§ **EXERCISE BRIEF**
Word-for-word transcription needed. Include every entry below but no pictures.

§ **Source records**
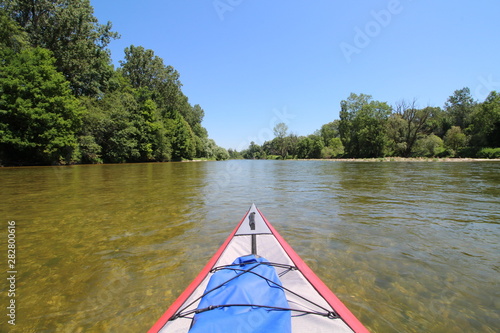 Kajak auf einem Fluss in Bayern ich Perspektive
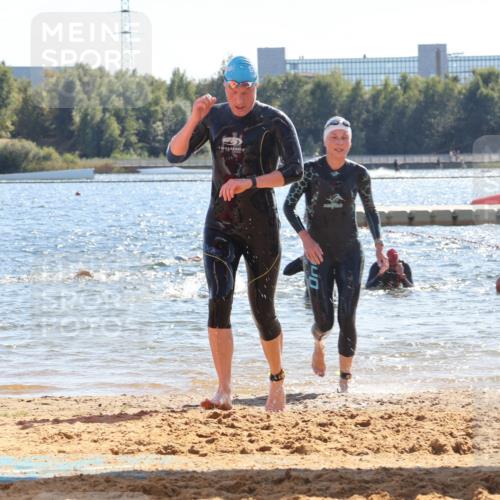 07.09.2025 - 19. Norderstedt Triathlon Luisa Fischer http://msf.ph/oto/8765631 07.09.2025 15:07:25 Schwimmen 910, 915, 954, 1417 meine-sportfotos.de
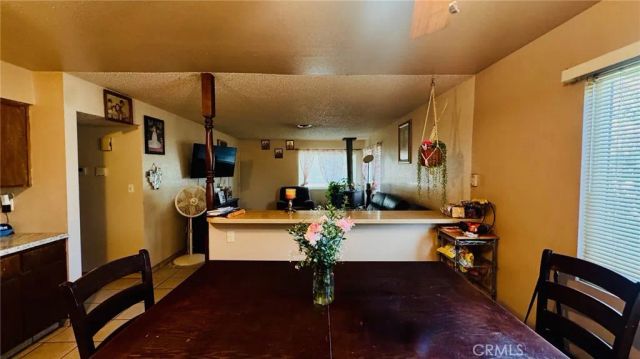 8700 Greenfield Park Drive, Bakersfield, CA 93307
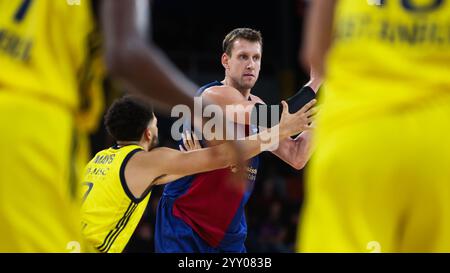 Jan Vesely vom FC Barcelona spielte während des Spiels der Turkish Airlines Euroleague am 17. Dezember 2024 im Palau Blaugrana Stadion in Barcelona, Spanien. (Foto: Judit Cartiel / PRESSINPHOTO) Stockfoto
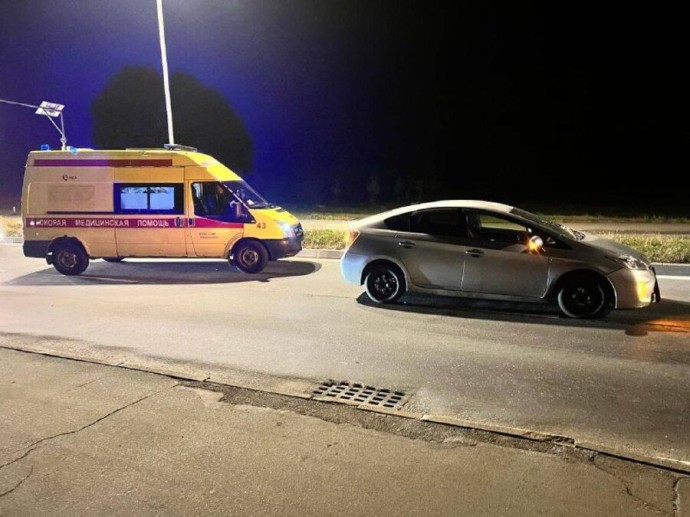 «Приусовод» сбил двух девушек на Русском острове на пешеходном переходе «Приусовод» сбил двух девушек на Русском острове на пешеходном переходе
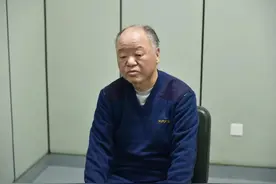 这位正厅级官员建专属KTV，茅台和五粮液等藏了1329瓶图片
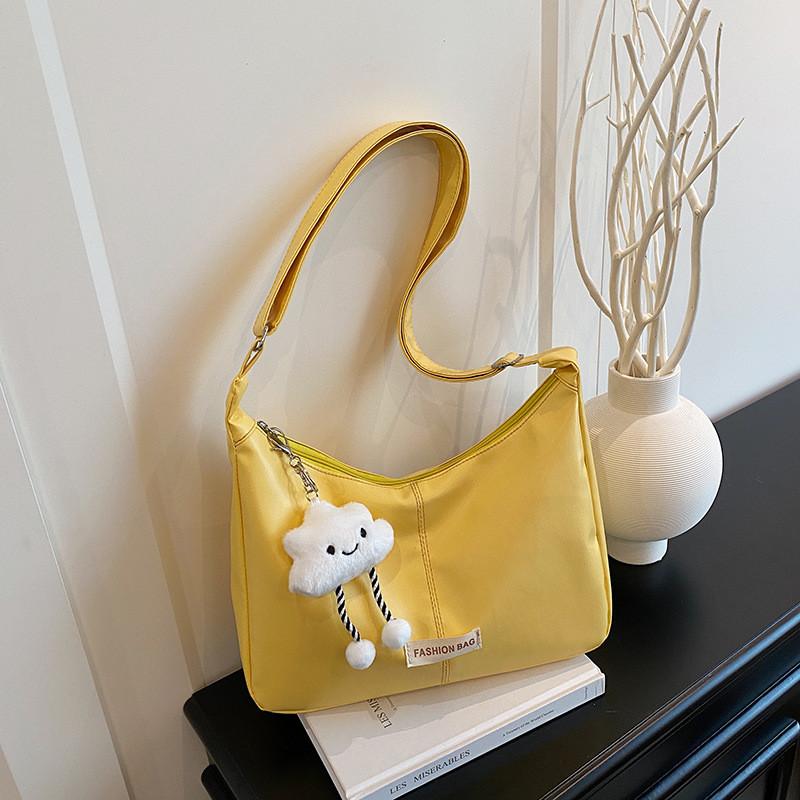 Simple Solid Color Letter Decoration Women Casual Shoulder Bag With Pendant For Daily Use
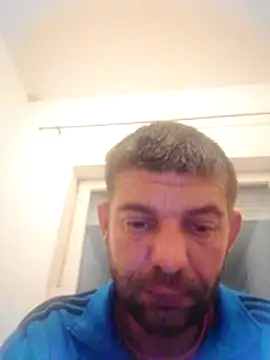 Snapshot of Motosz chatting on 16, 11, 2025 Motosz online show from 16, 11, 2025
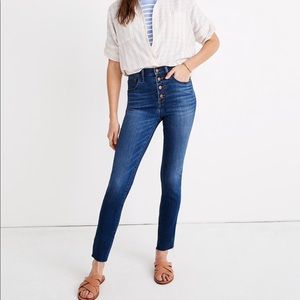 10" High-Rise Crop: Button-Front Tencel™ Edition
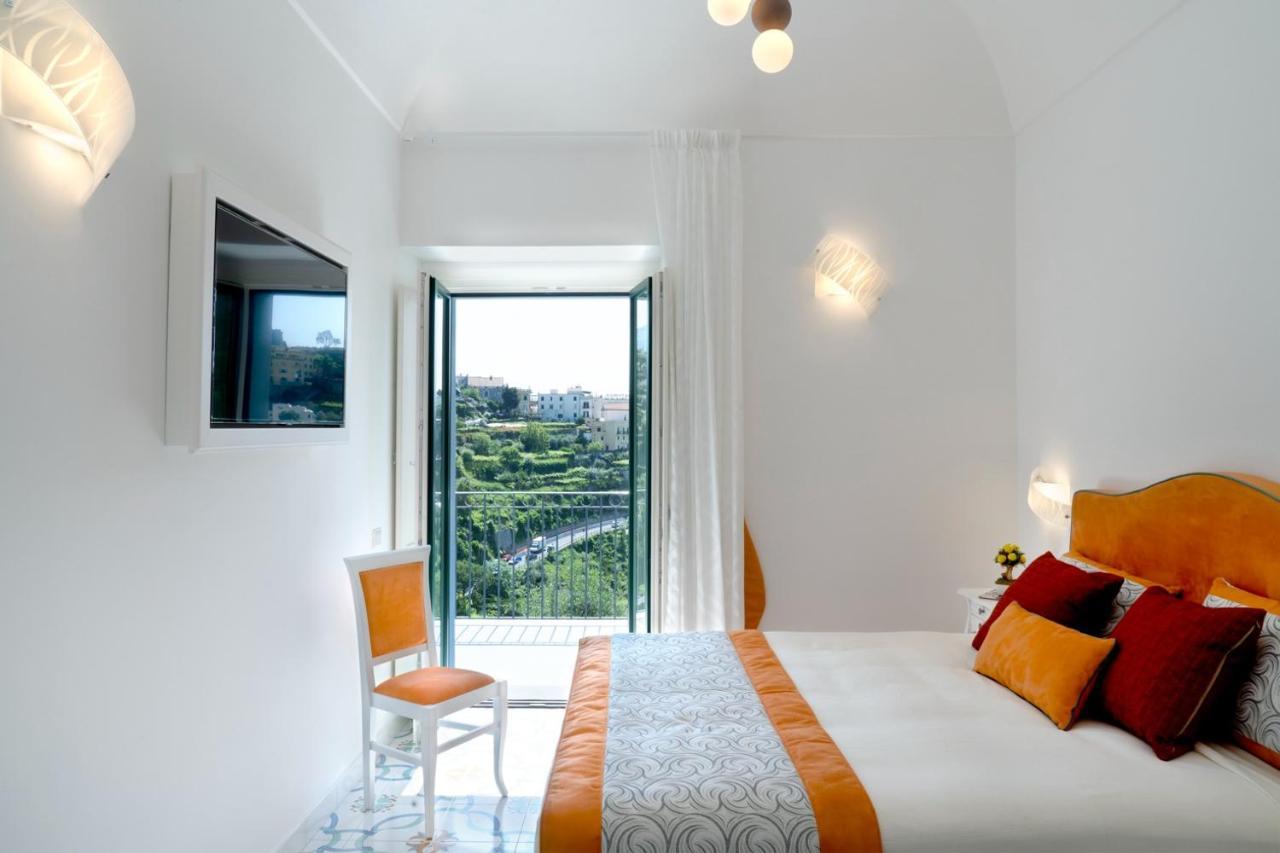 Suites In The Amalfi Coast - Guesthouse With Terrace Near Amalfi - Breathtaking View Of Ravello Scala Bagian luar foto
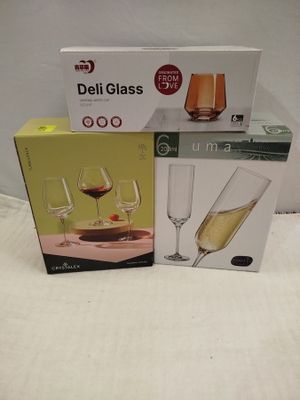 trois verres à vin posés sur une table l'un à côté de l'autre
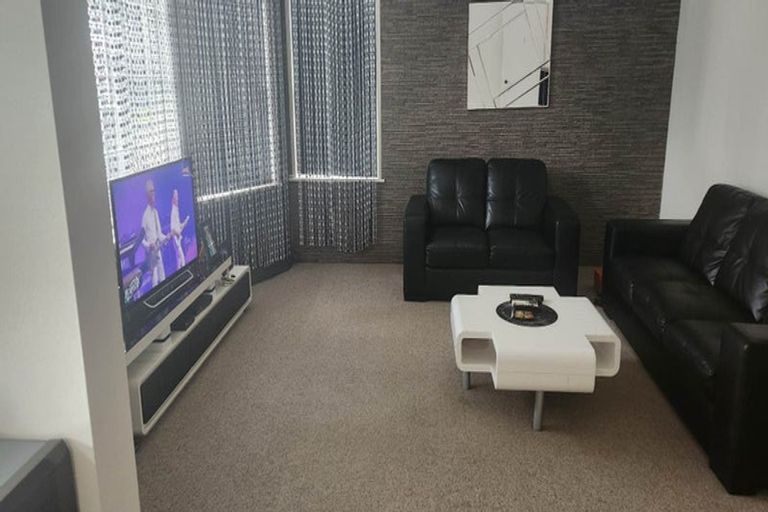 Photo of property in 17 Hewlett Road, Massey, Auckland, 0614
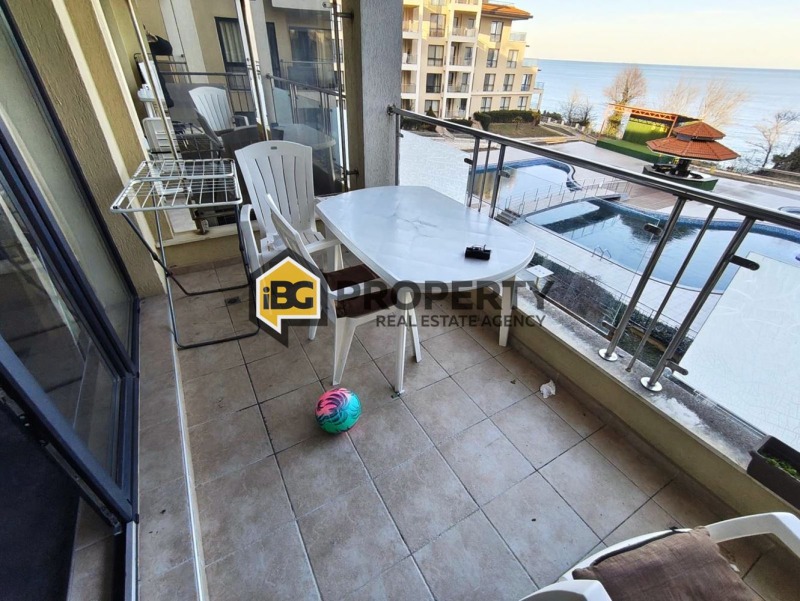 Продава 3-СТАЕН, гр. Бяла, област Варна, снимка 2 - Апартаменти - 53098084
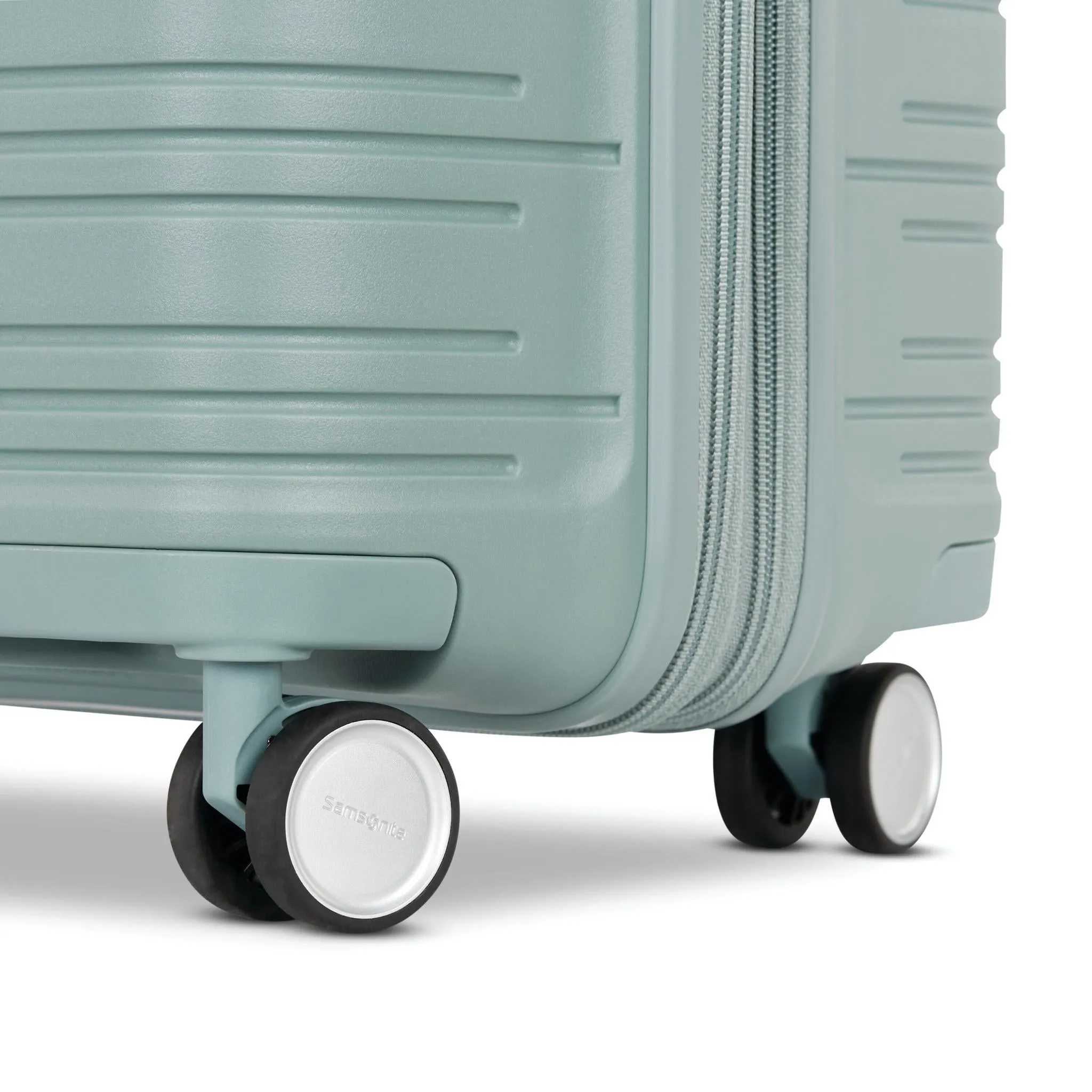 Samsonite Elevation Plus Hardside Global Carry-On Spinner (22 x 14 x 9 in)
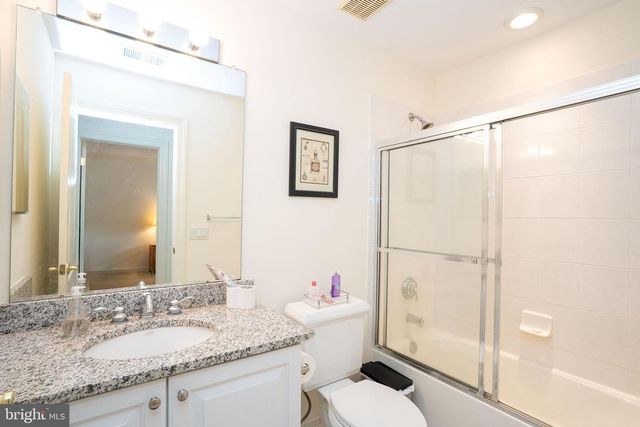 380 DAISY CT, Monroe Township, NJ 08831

§ **SOLVED PROBLEM**
 Kajak auf einem Fluss in Bayern ich Perspektive
 07.09.2025 - 19. Norderstedt Triathlon Luisa Fischer http://msf.ph/oto/8765631 07.09.2025 15:07:25 Schwimmen 910, 915, 954, 1417 meine-sportfotos.de
 8700 Greenfield Park Drive, Bakersfield, CA 93307
 Jan Vesely vom FC Barcelona spielte während des Spiels der Turkish Airlines Euroleague am 17. Dezember 2024 im Palau Blaugrana Stadion in Barcelona, Spanien. (Foto: Judit Cartiel / PRESSINPHOTO) Stockfoto
 «Приусовод» сбил двух девушек на Русском острове на пешеходном переходе «Приусовод» сбил двух девушек на Русском острове на пешеходном переходе
 这位正厅级官员建专属KTV，茅台和五粮液等藏了1329瓶图片
 Simple Solid Color Letter Decoration Women Casual Shoulder Bag With Pendant For Daily Use
 Snapshot of Motosz chatting on 16, 11, 2025 Motosz online show from 16, 11, 2025
 10" High-Rise Crop: Button-Front Tencel™ Edition
 Suites In The Amalfi Coast - Guesthouse With Terrace Near Amalfi - Breathtaking View Of Ravello Scala Bagian luar foto
 trois verres à vin posés sur une table l'un à côté de l'autre
 Photo of property in 17 Hewlett Road, Massey, Auckland, 0614
 Продава 3-СТАЕН, гр. Бяла, област Варна, снимка 2 - Апартаменти - 53098084
 Samsonite Elevation Plus Hardside Global Carry-On Spinner (22 x 14 x 9 in)
 380 DAISY CT, Monroe Township, NJ 08831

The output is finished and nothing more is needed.